Don't knock the guy for brand hopping either. Think Marty Friedman, Jason Becker, Frank Gambale, Allan Holdsworth, Ty Tabor, Mick Thompson, Greg Tribett, John Petrucci, etc, etc, etc.

Brand names never influence my decision to purchase a guitar. I have 4 guitars from 4 different brands, 5 if you count the Michael Dolan custom neck on my S7420. The individual guitar has to appeal to me. That being said, every Dean I've played, even the cheapo imports, has been quite nice. Also, Dean made a signature model for Michael Schenker and I think that was beyond cool of them. It is high time that a company recognized him as the great guitarist he is. The commemorative Schenker brothers guitar is nice too, at least to look at as a collector piece. Dean seems to be about the guitarist not just about the $$$ they hope squeeze out of them. Being loyal to a brand that could care less about you as a person is just plain stupid. Case in point: Ibanez.

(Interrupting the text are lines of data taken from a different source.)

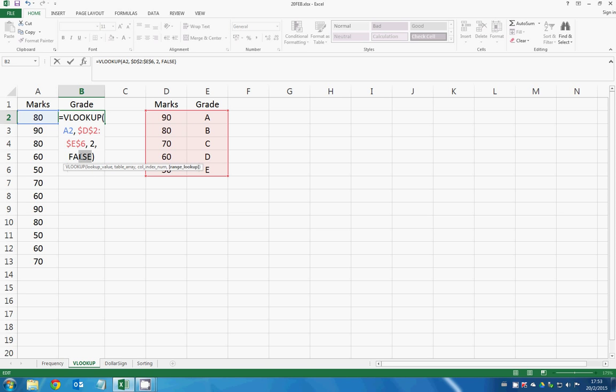You can also type TRUE right here to use approximate search, but this is not the focus today. We'll talk about that in the next video.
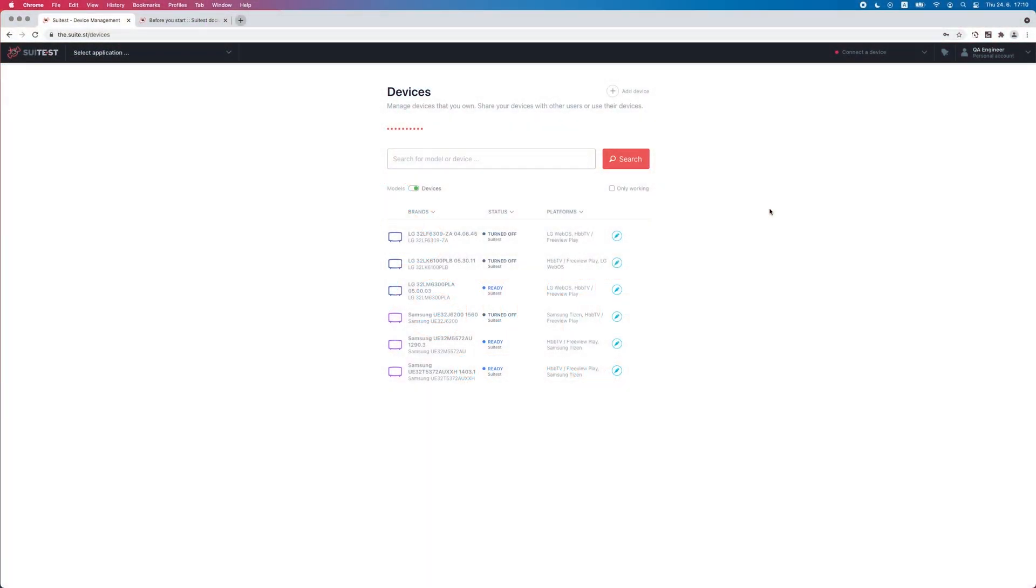Hi, I'm Ben from SweetTest. In this video, I'm going to show you how to open your own application on a SweetTest public lab device for live testing.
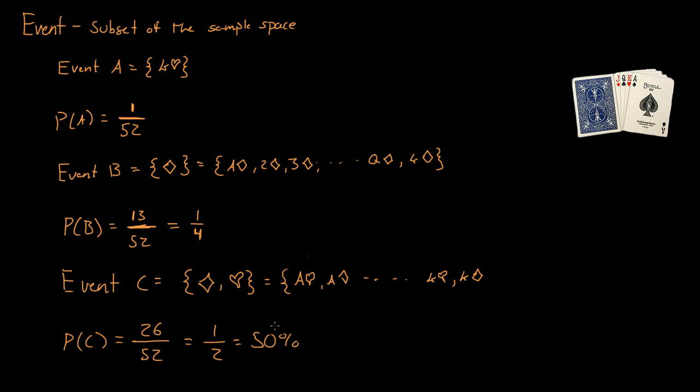So the probability of event C is 50 percent, and remember an event is just a subset of the sample space.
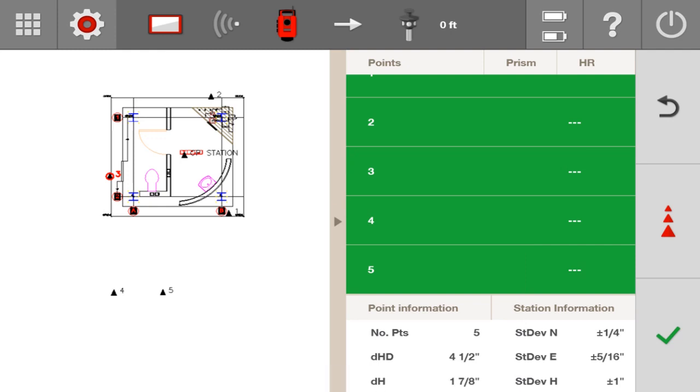But let me measure 0.3 first, and then I'll go to the next screen to see more information. When I measured 0.3, my delta horizontal distance went significantly higher. Even though my station is still around a quarter of an inch in accuracy of stationing, my delta horizontal distance was significantly higher. So immediately, my reaction is going to be that my point number 3 is probably the point that's off. But let me go ahead and go to the next screen to check some more information.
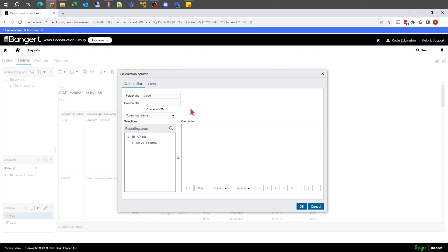A folder title is basically just something that you can go back and find these by later for grouping. If you had different types of custom formulas that you're building that you want to keep grouped together, you could do those type of things. In my case, I'm just going to call them custom at the moment. And then for my title, I'm just going to say open amount.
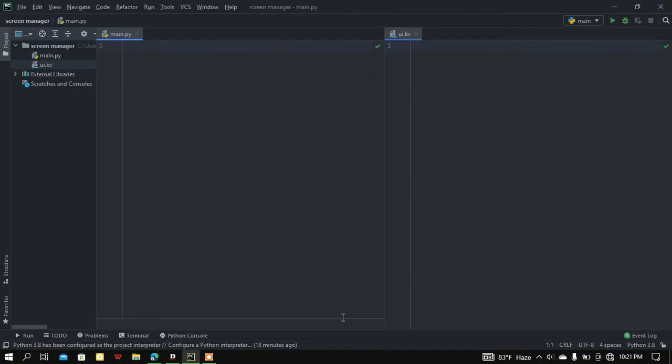What is up people, how's it going? Back again with another video. In this video we will learn how to use Screen Manager using Python's Kivy and KivyMD. Let's get started.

Also, to say that building an 8-string production model guitar is a bad business move is just plain false. Just because it has not been done yet does not mean that it will not work. I'm sure someone said the same thing when Ibanez was talking about making sevens. I, for one, have complete faith in the good reverend Waylon Ford to see to it that the Halo 8 string comes to life. When it does, I will be getting my hands on one as soon as I can. I fully intend on doing my part, whatever that may mean, to promote 8-string awareness to the huddled masses. There is a thread for this line of discussion....


----------



## Metal Ken (Jul 24, 2006)

http://www.youtube.com/watch?v=8HpEoqcQ6JU&NR


----------



## Samer (Jul 24, 2006)

Man, the more i see that guitar the more i want one, i dont think its ugly at all. I dont see where you guys are coming from? 

Its look very cool!


----------



## Naren (Jul 24, 2006)

Metal Ken said:


> http://www.youtube.com/watch?v=8HpEoqcQ6JU&NR



That guitar sounded pretty awesome in that clip. I might be focusing a lot on Rusty's playing itself, but I thought the guitar tone was cool too.


----------



## noodles (Jul 24, 2006)

That guitar looks much better in the video. You don't notice the lower horn as much when you're not looking at it straight on. Seeing how Rusty holds the neck with his left hand tells me everything I need to know about the shape of that horn and cutaway.


----------



## bostjan (Jul 24, 2006)

Hmm, is it just me, or does the strap seem to banlance the neck a little further away than most of what you see? I hope they make him an eight sometime soon.


----------



## noodles (Jul 24, 2006)

^I think it has to do with the horns relative to the neck. The deeper cutaways seem to move everything further towards the bridge, which means the fretboard is going to be shifted towards the left side of your body (closer to where a V hangs).


----------



## David (Jul 24, 2006)

that clip was sweet.


----------



## Mastodon (Jul 24, 2006)

Hey wait, didn't someone already post that clip a couple pages ago?


----------



## David (Jul 24, 2006)

Mastodon said:


> Hey wait, didn't someone already post that clip a couple pages ago?


if they did, I missed it.


----------



## Metal Ken (Jul 24, 2006)

Same here. i didnt see it either, thats why i posted it lol


----------



## Roundhouse_Kick (Jul 25, 2006)

We can't let this monster thread die now! 

Have to say I've been won over by that video, the guitar looked great! And you can see when he does those crazy high legato things why he needs such a big cutaway/small horn.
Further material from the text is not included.